I would support this club, I would support a club that is women only, and I would support a club that allows both men and women. I agree with the OP's beef about their acceptance of money by them. I don't know how this club started, but anyone can start a club and have specific rules about membership. Even today there are many organizations that are gender specific, some even have a male/female "side". My first thought when reading this was "maybe get some gals together and approach the club and ask to be their female counterparts, where all the gals shoot some nights, guys some nights, then have shooting times together. Also, increase membership by encouraging couples to join together. Which would give each some gal time, guy time and mutual time." If they don't want to do, start your own as you see fit.
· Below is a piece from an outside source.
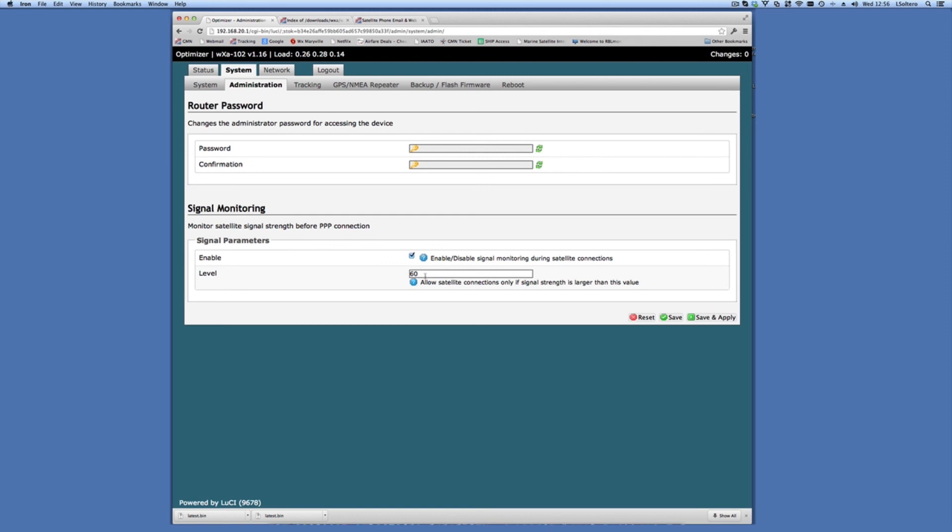So that takes care of the firmware upgrade. I hope you found this video useful and we'll catch you next time. This is Lewis at Global Marine Networks wishing you a nice day.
I really doubt these guys formed their club because they are afraid of the women's skills or because they are gay, some guys got together and formed a club with no women, in the scheme of things, not out of the ordinary or bad. Respectfully, just some thoughts.


----------



## boarman1 (Jul 20, 2008)

A club that doesnt support women in outrsport is pure stupid. Archery is for family's and anyone should be allowed to join.


----------



## 3Dblackncamo (Jul 22, 2009)

buckeye_girl said:


> I found out today that a local club that we were interested in joining does not allow women to become members. However they have no problem accepting our money to shoot on weekends. I guess more than anything I'm a little put off by this. I expect a bit more out of the archery world perhaps? Have you guys run into this in your neck of the woods? Thoughts??


I would not shoot there or ask to join and as others have stated they may be _ueers, I enjoy a little eye candy when I shoot, so dont let it get you ladies down all of us are not like this, at my club you would be more than welcome to join, shoot, set targets or anything else you chose to do


----------



## threetoe (May 13, 2011)

I like the eye candy at my club.
;-)


----------